In the aftermath of an internal investigation into Benghazi that found "systemic failures and leadership deficiencies at senior levels," four State Department officials were placed on administrative leave last year. But now, after reviewing each case, Secretary of State John Kerry has cleared all four officials to return to work, leaving Republicans largely scalpless as the one-year anniversary of the attack on the diplomatic compound nears.
"Obama administration officials repeatedly promised the families of victims and the American people that officials responsible for security failures would be held accountable," Darrell Issa, chairman of the House Oversight Committee, said Tuesday. " It is now clear that the personnel actions taken by the Department in response to the Benghazi terrorist attacks was more of a public relations strategy than a measured response to a failure in leadership."
A State Department official did not immediately respond for comment.
Back in December, then-Secretary of State Hillary Clinton placed Diplomatic Security Chief Eric Boswell, Deputy Assistant Secretary of State for Maghreb Region Raymond Maxwell and security officials Charlene Lamb and Scott Bultrowicz on administrative leave following the internal Accountability Review Board (ARB) investigation.
A State Department release on Tuesday said Kerry studied the ARB report and "reaffirmed its finding that no employee breached their duty or should be fired but rather that some should be reassigned."
For many Republicans, who remain upset that more senior-level officials were not disciplined for security failures in Benghazi, the re-instatement of the few officials who were placed on leave is particularly vexing.
"Instead of accountability, the State Department offered a charade that included false reports of firings and resignations and now ends in a game of musical chairs where no one misses a single day on the State Department payroll," said Issa. "It is now clear that the personnel actions taken by the Department in response to the Benghazi terrorist attacks was more of a public relations strategy than a measured response to a failure in leadership."
The State Department said all four employees will return to work but did not specify their new assignments. That includes Boswell, who resigned his position in December 2012. Of the officials who received administrative leave, one of the most high-profile cases was Maxwell's, who opened up to The Daily Beast in May about what he felt was a baseless punishment. "I had no involvement to any degree with decisions on security and the funding of security at our diplomatic mission in Benghazi," he said at the time.

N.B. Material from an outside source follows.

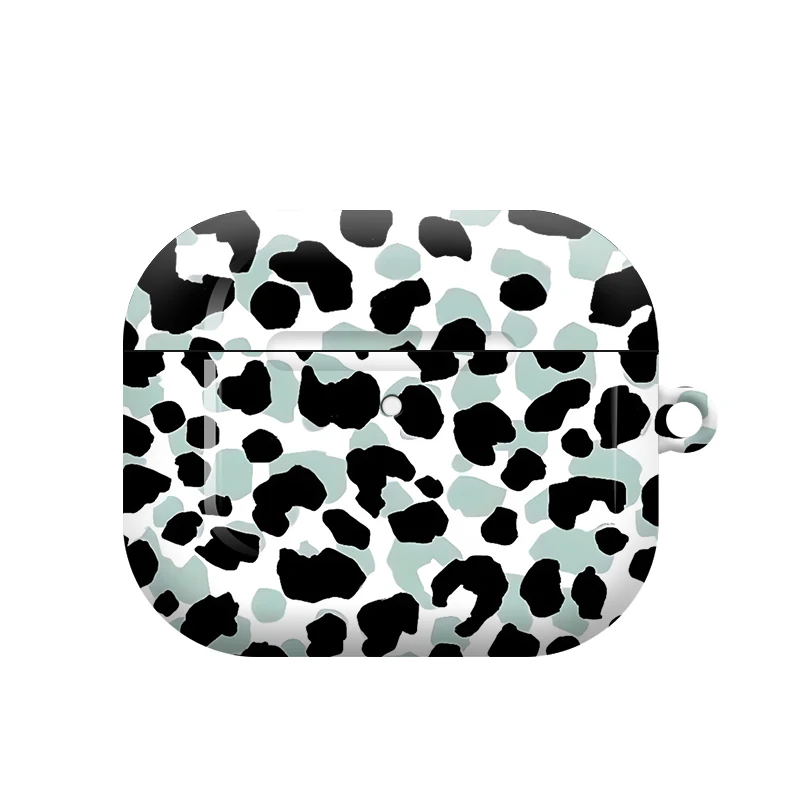 

Ins Cute Blue mint spots Shockproof Protective Cover Case for AirPods 1 2 3 4 Pro2 with Charm Pendant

Republicans, at this point, are not contesting the individual cases of the four, but would like someone to be punished for security failures that contributed to the deaths of four Americans including Amb. Chris Stevens. "I don't understand how this administration will ensure accountability at one of our most vital government departments without disciplining those who fail in their duties," Sen. Bob Corker, ranking member of the Senate Foreign Relations Committee, said Tuesday afternoon. Issa vowed to stay on the issue. "The Oversight Committee will expand its investigation of the Benghazi terrorist attack to include how a supposed ‘Accountability Review Board' investigation resulted in a decision by Secretary Kerry not to pursue any accountability from anyone," said Issa.